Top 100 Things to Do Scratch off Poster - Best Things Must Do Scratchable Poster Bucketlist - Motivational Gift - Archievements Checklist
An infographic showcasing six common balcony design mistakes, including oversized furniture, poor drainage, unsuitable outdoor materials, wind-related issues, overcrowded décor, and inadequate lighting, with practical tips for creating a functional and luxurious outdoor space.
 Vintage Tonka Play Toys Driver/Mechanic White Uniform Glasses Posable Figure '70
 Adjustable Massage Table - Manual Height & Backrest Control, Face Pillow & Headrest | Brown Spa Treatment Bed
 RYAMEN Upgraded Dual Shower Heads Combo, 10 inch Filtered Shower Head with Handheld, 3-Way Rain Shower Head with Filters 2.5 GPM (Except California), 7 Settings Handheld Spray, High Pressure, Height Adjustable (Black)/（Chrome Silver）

### TASK REQUIREMENTS
Give the entries again, every one of them exactly.

### EXPECTED OUTPUT
Top 100 Things to Do Scratch off Poster - Best Things Must Do Scratchable Poster Bucketlist - Motivational Gift - Archievements Checklist
An infographic showcasing six common balcony design mistakes, including oversized furniture, poor drainage, unsuitable outdoor materials, wind-related issues, overcrowded décor, and inadequate lighting, with practical tips for creating a functional and luxurious outdoor space.
 Vintage Tonka Play Toys Driver/Mechanic White Uniform Glasses Posable Figure '70
 Adjustable Massage Table - Manual Height & Backrest Control, Face Pillow & Headrest | Brown Spa Treatment Bed
 RYAMEN Upgraded Dual Shower Heads Combo, 10 inch Filtered Shower Head with Handheld, 3-Way Rain Shower Head with Filters 2.5 GPM (Except California), 7 Settings Handheld Spray, High Pressure, Height Adjustable (Black)/（Chrome Silver）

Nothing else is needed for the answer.